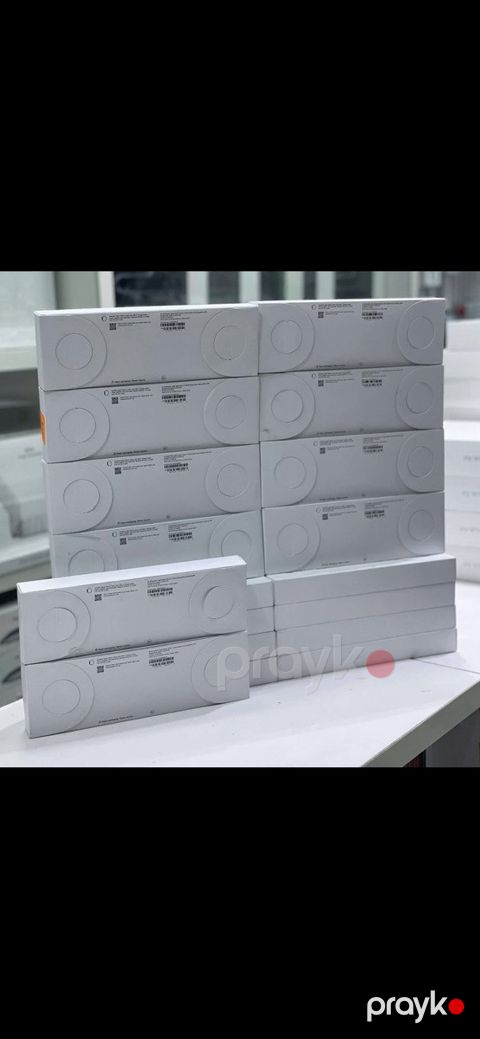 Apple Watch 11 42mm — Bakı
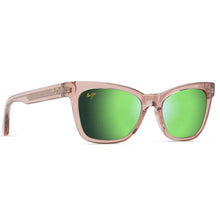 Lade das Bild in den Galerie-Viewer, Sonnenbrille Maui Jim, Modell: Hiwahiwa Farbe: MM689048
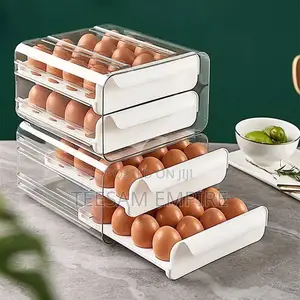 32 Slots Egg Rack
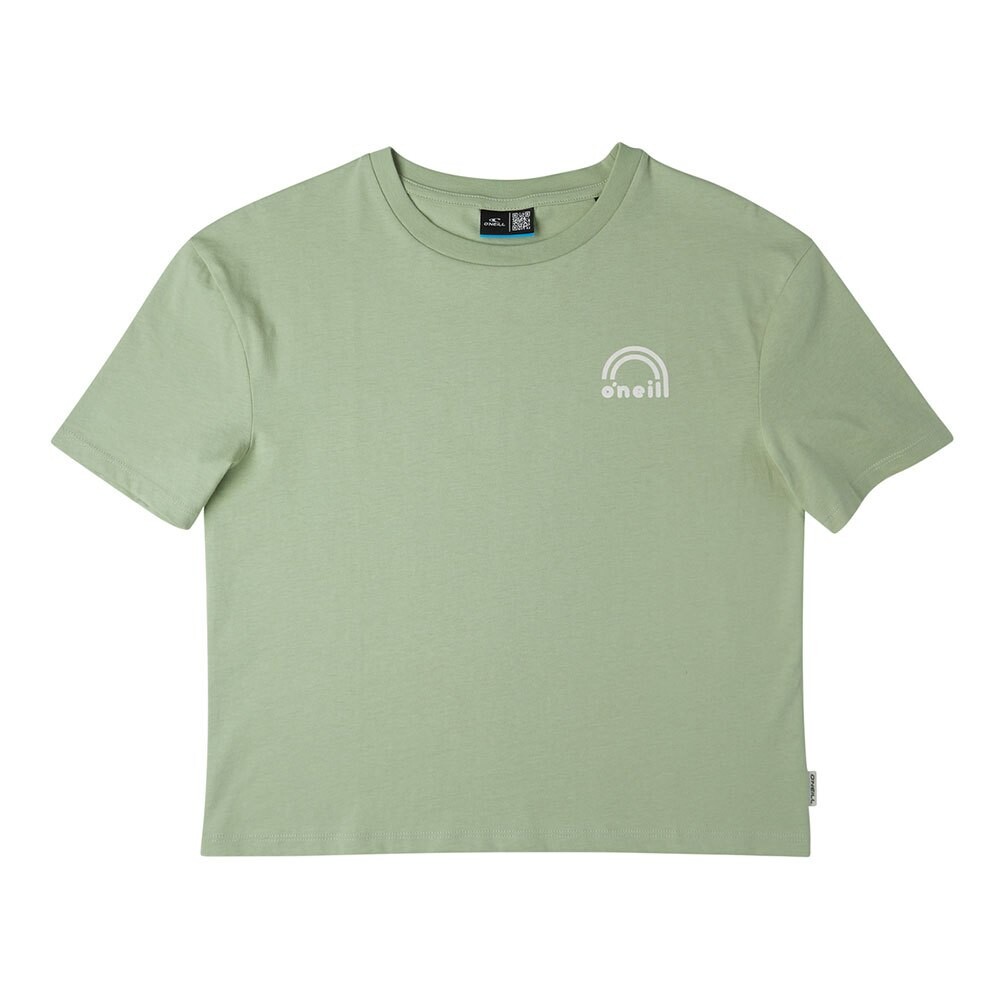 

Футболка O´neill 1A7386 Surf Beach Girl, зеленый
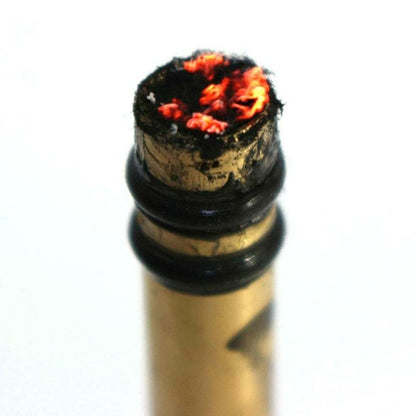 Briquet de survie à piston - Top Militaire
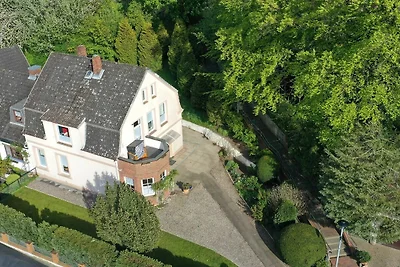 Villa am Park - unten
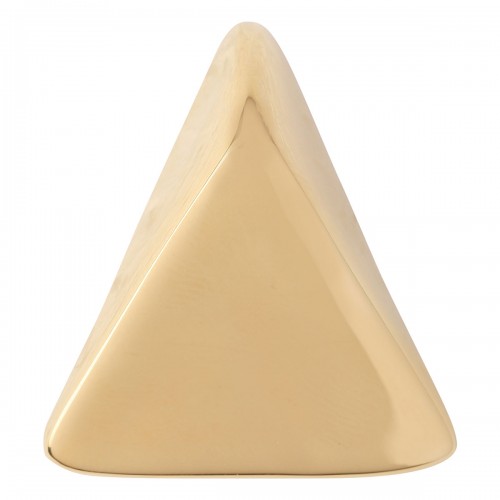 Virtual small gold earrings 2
········
**PROMPT:**
Please copy exactly the lines from the one containing "32 Slots Egg Rack" through the end of the records above, leaving out every picture.

**PROBLEM SOLUTION:**
 32 Slots Egg Rack

Футболка O´neill 1A7386 Surf Beach Girl, зеленый
 Briquet de survie à piston - Top Militaire
 Villa am Park - unten
 Virtual small gold earrings 2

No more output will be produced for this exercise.